Пожав ему руку, я оставил в ней стольник. Он вскочил за руль и вскоре кюбель затарахтел в направлении автомастерских. А я забрался на потертое сиденье пролетки и велел «лихачу» везти меня в Рабочий городок кожевенного завода. Там я нашел дом №3. На крылечке топталась какая-то баба. Стелила половик.
— Здравствуйте! — сказал я. — Как бы мне найти Мисюркину?
— Ну я Мисюркина, — отозвалась баба, распрямляя натруженную спину.
Квартирной хозяйке Кузьмы на вид оказалось не больше сорока лет. Да и по фигуре было видно, что вдова бабенка ладная, а то, что одета по-старушечьи и горбится, ну так в городе, где хозяйничают банды оккупантов, женщине лучше выглядеть постарше и поуродливее.
— Простите, не знаю вашего имени-отчества, мне бы увидеть Кузьму Михайловича.
— А дома он. Столярничает. Проходите. Только ноги вытирайте.
Тщательно соскоблив с подошв весеннюю грязь, я прошел в дом. И с порога услышал шарканье рубанка по дереву. Кузьма действительно столярничал. Прямо в прихожей снимал стружку с ребра доски. Увидев меня, отложил инструмент, вытер ладони о штаны, протянул руку. Крикнул:
— Анюта, сооруди нам чайку, а мы пока побалакаем с товарищем!
Он открыл дверь одной из комнат, пропустил меня в нее.
— Твоей хозяйке можно доверять?
— Можно. Думаю, коль жив останусь, после войны женюсь на ней.
— Молодец, Михалыч, но до женитьбы нам нужно кое-что еще сделать.
— Я понимаю…
— Как съездил?
— Все в порядке, Саша. Как ты и приказывал. Добрался до Подберезья. Охрана станции отвел меня к майору Шрахту. Тот дал мне мотовоз и двух солдатиков. Снабдил бумагой для эсесовцев, чтобы к лагерю пропустили. Прицепил я к мотовозу платформы с кругляком и отогнал в лагерь. Мужики наши, из военнопленных, состав разгрузили и я погнал его обратно, на станцию. Ну и срисовал, конечно, что там да как, насчет охраны. Потому уже, в городе, набросал на бумажке и передал Митьке, чтобы тот в отряд ее отнес.

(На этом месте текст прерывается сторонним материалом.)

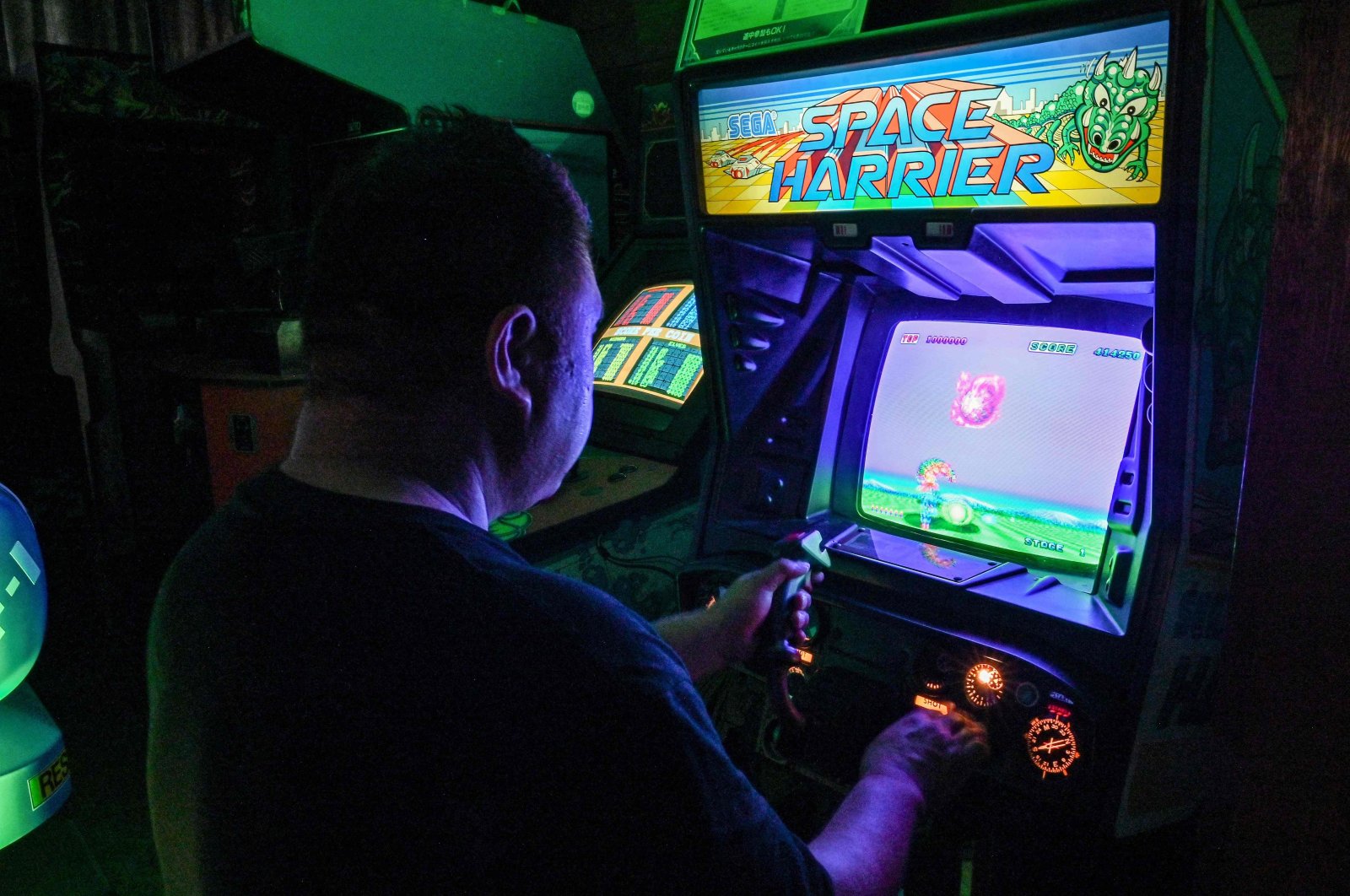 Vintage video game collector &quot;Proudro&quot; plays a vintage video game at his home in Kasumigaura, Ibaraki prefecture, Japan, June 24, 2024. (AFP Photo)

— Молодец, Михалыч! Все правильно сделал, но теперь у меня к тебе новое задание.
— Ты же знаешь, я как пионер…
Вынув из кармана вчетверо сложенную схему, я разложил ее на столе. Тут в дверь постучали. Кузьма поднялся, приоткрыл дверь, взял у своей сожительницы поднос с чайником и двумя стаканами. Пришлось убрать схему, чтобы было куда поставить угощение, и расстелить ее на большом, обитом кожей диване. Помню такой с детства, только у нас на полочке, прибитой к деревянной части спинки, стояла вереница, вырезанных из кости, слоников. Михалыч разлил по стаканам чаю. Прихлебывая, я начал излагать бывшему обходчику свой план.